Instruktion
Hier folgen einige Aussagen, die sich auf ausgewählte Aspekte Ihrer Persönlichkeit beziehen. Kreuzen Sie bitte jeweils eine der Antwortalternativen entsprechend Ihrer Zustimmung oder Ablehnung der Aussage an. Denken Sie dabei immer an die generelle Tendenz, die Ihrer Persönlichkeit entsprechen würde, nicht an Ausnahmesituationen. Versuchen Sie, spontan zu antworten und nicht zu lange zu überlegen!

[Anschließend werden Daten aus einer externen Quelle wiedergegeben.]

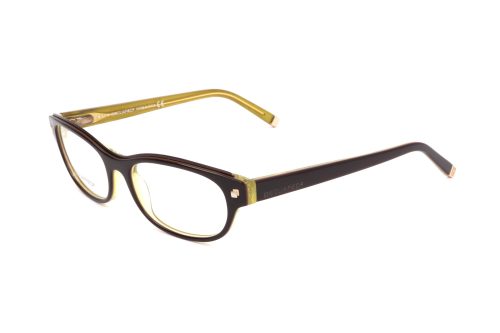 DSQUARED2 DQ5022-050-51 Női szemüvegkeret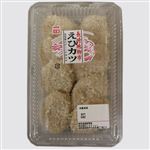 長崎杉蒲 えびカツ 8個入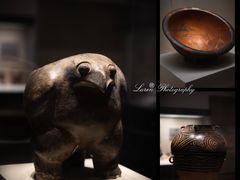 -中国国家博物馆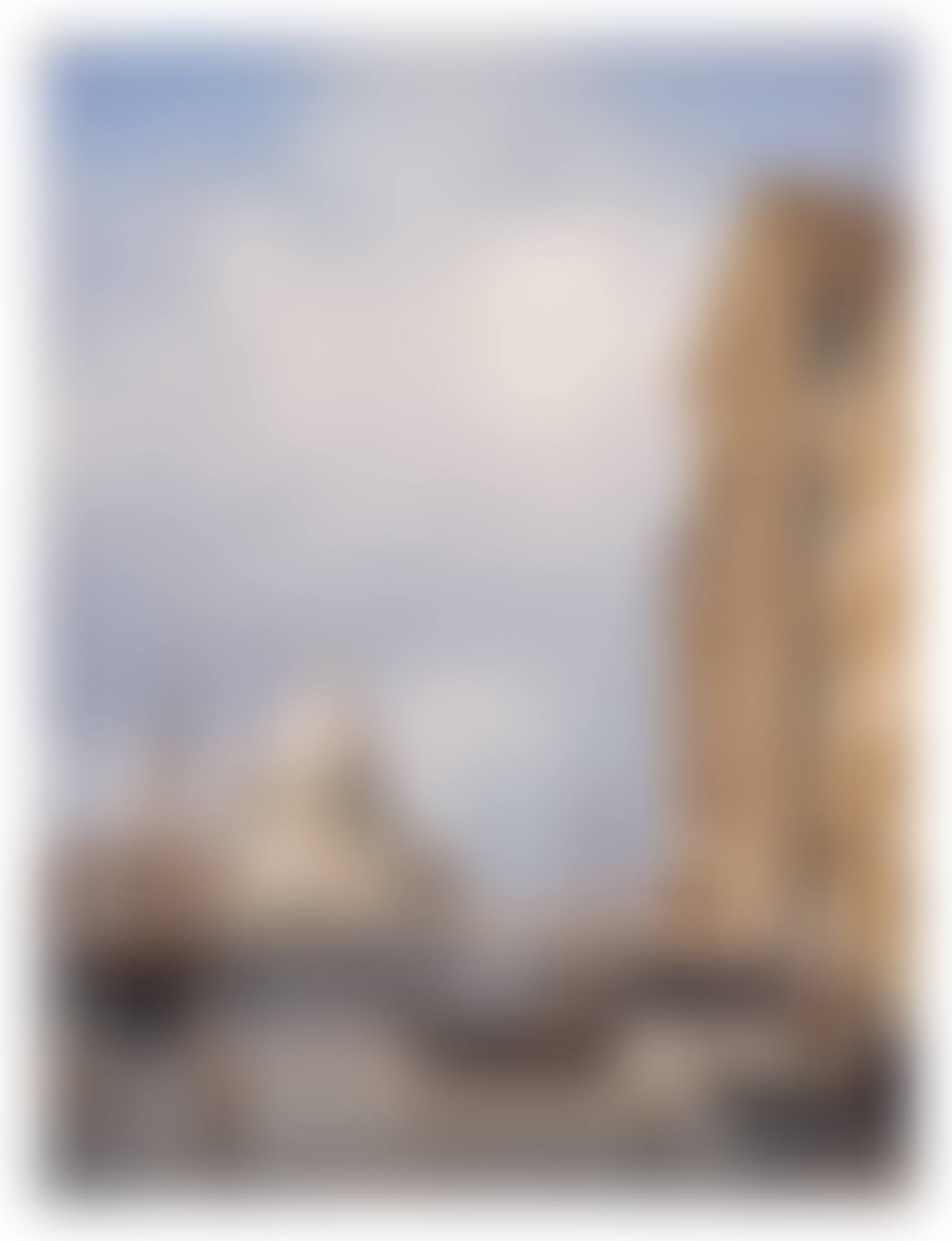 View of Venice, Grand Canal (preview)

Wir bitten Sie darum, an eine Person zu denken, die Sie Ihrem Eindruck nach irgendwann einmal ungerecht behandelt und verletzt hat. Stellen Sie sich für einen Moment die gemeinsamen Ereignisse und die Interaktionen mit dieser Person vor. Versuchen Sie, sich die Person vorzustellen und erinnern Sie sich an all das, was passiert ist. Unten finden Sie einige Fragen über diese Person (Täter/in). Beantworten Sie bitte die folgenden Fragen, während Sie an die Person denken, die Sie verletzt hat.
Items
Nr. |
Item |
Subskala |
1 |
Ich sorge dafür, dass er/sie dafür bezahlt. |
Rache |
2 |
Ich halte so viel Abstand zwischen uns wie möglich. |
Vermeidung |
3 |
Ich wünsche, dass ihm/ihr etwas Schlimmes passiert. |
Rache |
4 |
Ich lebe so, als ob es ihn/sie gar nicht gibt (als ob er/sie nicht da ist). |
Vermeidung |
5 |
Ich vertraue ihm/ihr nicht. |
Vermeidung |
6 |
Ich möchte, dass er/sie bekommt, was er/sie verdient. |
Rache |
7 |
Es fällt mir schwer, freundlich zu ihm/ihr zu sein. |
Vermeidung |
8 |
Ich gehe ihm/ihr aus dem Weg. |
Vermeidung |
9 |
Ich werde es ihm/ihr heimzahlen. |
Rache |
10 |
Ich breche die Beziehung zu ihm/ihr ab. |
Vermeidung |
11 |
Ich will ihn/sie leiden sehen. |
Rache |
12 |
Ich ziehe mich von ihm/ihr zurück. |
Vermeidung |
Antwortvorgaben
5-stufige Ratingskalen mit den Zahlenwerten 1 bis 5 und Benennung der Endpole 1 = 'Lehne vollständig ab' und 5 = 'Stimme voll und ganz zu'.
Auswertungshinweise
Es können Summenwerte für die Subskalen Vermeidung und Rache durch Addition der Zahlenwerte für die ihnen zugeordneten Items gebildet werden.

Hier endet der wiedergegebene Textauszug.